Home Rule And Imperial Unity
by
The principal charge made against the scheme of Home Rule contained in the Irish Government Bill, 1886, is that it is incompatible with the maintenance of the unity of the Empire and the supremacy of the Imperial Parliament. A further allegation states that the Bill is useless, as agrarian exasperation lies at the root of Irish discontent and Irish disloyalty, and that no place would be found for a Home Rule Bill even in Irish aspirations if an effective Land Bill were first passed. An endeavour will be made in the following pages to secure a verdict of acquittal on both counts–as to the charge relating to Imperial unity and the supremacy of the Imperial Parliament, by proving that the accusation is absolutely unfounded, and based partly on a misconception of the nature of Imperial ties, and partly on a misapprehension of the effect of the provisions of the Home Rule Bill as bearing on Imperial questions; and as to the inutility of the Home Rule Bill in view of the necessity of Land Reform, by showing that without a Home Rule Bill no Land Bill worth consideration as a means of pacifying Ireland can be passed.
The complete partisan spirit in which Home Rule has been treated is the more to be deplored as the subject is one which does not lend itself readily to the trivialities of party debates. It raises questions of principle, not of detail. It ascends at once into the highest region of politics. It is conversant with the great questions of constitutional and international law, and leads to an inquiry into the very nature of governments and the various modes in which communities of men are associated together either as simple or composite nations. To describe those modes in detail would be to give a history of the various despotic, monarchical, oligarchical, and democratic systems of government which have oppressed or made happy the children of men. Such a description is calculated to perplex and mislead from its very extent; not so an inquiry into the powers of government, and a classification of those powers. They are limited in extent, and, if we confine ourselves to English names and English necessities, we shall readily attain to an apprehension of the mode in which empires, nations, and political societies are bound together, at least in so far as such knowledge is required for the understanding of the nature of Imperial supremacy, and the mode in which Home Rule in Ireland is calculated to affect that supremacy.
The powers of government are divisible into two great classes–1. Imperial powers; 2. State powers, using “State” in the American sense of a political community subordinated to some other power, and not in the sense of an independent nation. The Imperial powers are in English law described as the prerogatives of the Crown, and consist in the main of the powers of making peace and war, of maintaining armies and fleets and regulating commerce, and making treaties with foreign nations. State powers are complete powers of local self-government, described in our colonial Constitutions as powers to make laws “for the peace, order, and good government of the Colony or State” in which such powers are to be exercised.

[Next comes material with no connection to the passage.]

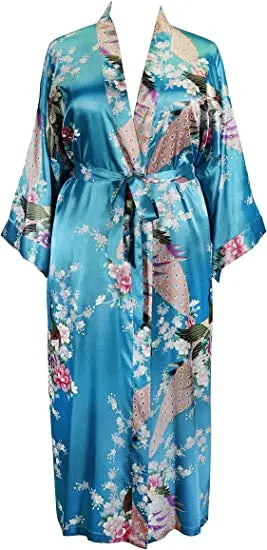 Satin Silk Crane Print Kimono Robe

Intermediate between the Imperial and State powers are a class of powers required to prevent disputes and facilitate intercourse between the various parts of an empire or other composite system of States–for example, the coinage of money, and other regulations relating to the currency; the laws relating to copyright, or other exclusive rights to the use and profits of any works or inventions; and so forth. These powers may be described as quasi-Imperial powers.
Having arrived at a competent knowledge of the materials out of which governments are formed, it may be well to proceed to a consideration of the manner in which those materials have been worked up in building the two great Anglo-Saxon composite nations–namely, the American Union and the British Empire–for, if we find that the arrangements proposed by the Irish Home Rule Bill are strictly in accordance with the principles on which the unity of the American Union was based and on which the Imperial power of Great Britain has rested for centuries, the conclusion must be that the Irish Home Rule Bill is not antagonistic to the unity of the Empire or to the supremacy of the British Parliament.